The government "could have, and should have, considered the environmental impact of at least a few attack scenarios at the Complex," wrote dissenting senior district judge James G. Carr.
He noted that the environmental report had been revised following public comments regarding potential terrorism, but "those revisions only strengthened the Complex’s defenses against a potential terrorist attack; they did not assess the likely environmental impact of such an attack."
After the ruling, Cory Briggs, attorney for the plaintiff in the case, the San Diego Navy Broadway Complex Coalition, vowed to take the matter to the Supreme Court.
“Against a new backdrop of constant threats from terrorist attack, it is essential to analyze the risks posed by a project that proposes to locate an unsecured high-rise naval headquarters and unsecured high-rise civilian buildings next to each other, right on downtown San Diego’s waterfront, only a few blocks from an international airport and literally right across a two-lane street from the port’s newest cruise-ship terminal,” said the plaintiff’s appeal.

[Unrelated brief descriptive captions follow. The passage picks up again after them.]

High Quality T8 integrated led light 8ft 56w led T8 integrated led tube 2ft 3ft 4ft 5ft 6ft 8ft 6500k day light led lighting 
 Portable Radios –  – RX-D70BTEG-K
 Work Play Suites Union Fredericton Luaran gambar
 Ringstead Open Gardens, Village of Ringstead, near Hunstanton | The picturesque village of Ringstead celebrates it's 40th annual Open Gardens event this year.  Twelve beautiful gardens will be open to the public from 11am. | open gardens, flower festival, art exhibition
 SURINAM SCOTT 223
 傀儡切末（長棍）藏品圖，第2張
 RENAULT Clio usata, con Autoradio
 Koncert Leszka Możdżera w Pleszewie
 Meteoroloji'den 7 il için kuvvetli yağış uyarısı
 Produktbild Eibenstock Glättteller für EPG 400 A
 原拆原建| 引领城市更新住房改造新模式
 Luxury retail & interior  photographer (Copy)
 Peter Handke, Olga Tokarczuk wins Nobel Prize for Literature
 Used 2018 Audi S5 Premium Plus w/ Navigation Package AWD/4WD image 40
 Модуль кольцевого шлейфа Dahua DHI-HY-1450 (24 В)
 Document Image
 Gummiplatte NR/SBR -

In a December 12 notice posted online, the court announced it had decided not to take up the case.
"We're going to remobilize and start working diligently to position ourselves to commence at the end of the year," Manchester aide Perry Dealy told the Union-Tribune following the March ruling in favor of the project.
"You can't just flip the switch in five seconds," he added. "We have to get everybody lined up — it's a huge project and we've got a lot of components to it."
Whether the new administration may go out of its way to assist the development remains to be seen.
Federal campaign financial disclosure records show that on September 14 Dealy contributed $1000 to the Trump for President campaign, and the same to the Trump Victory committee. Manchester gave $399,400 to Trump Victory on June 21.
The developer has a 99-year lease on the bayfront property.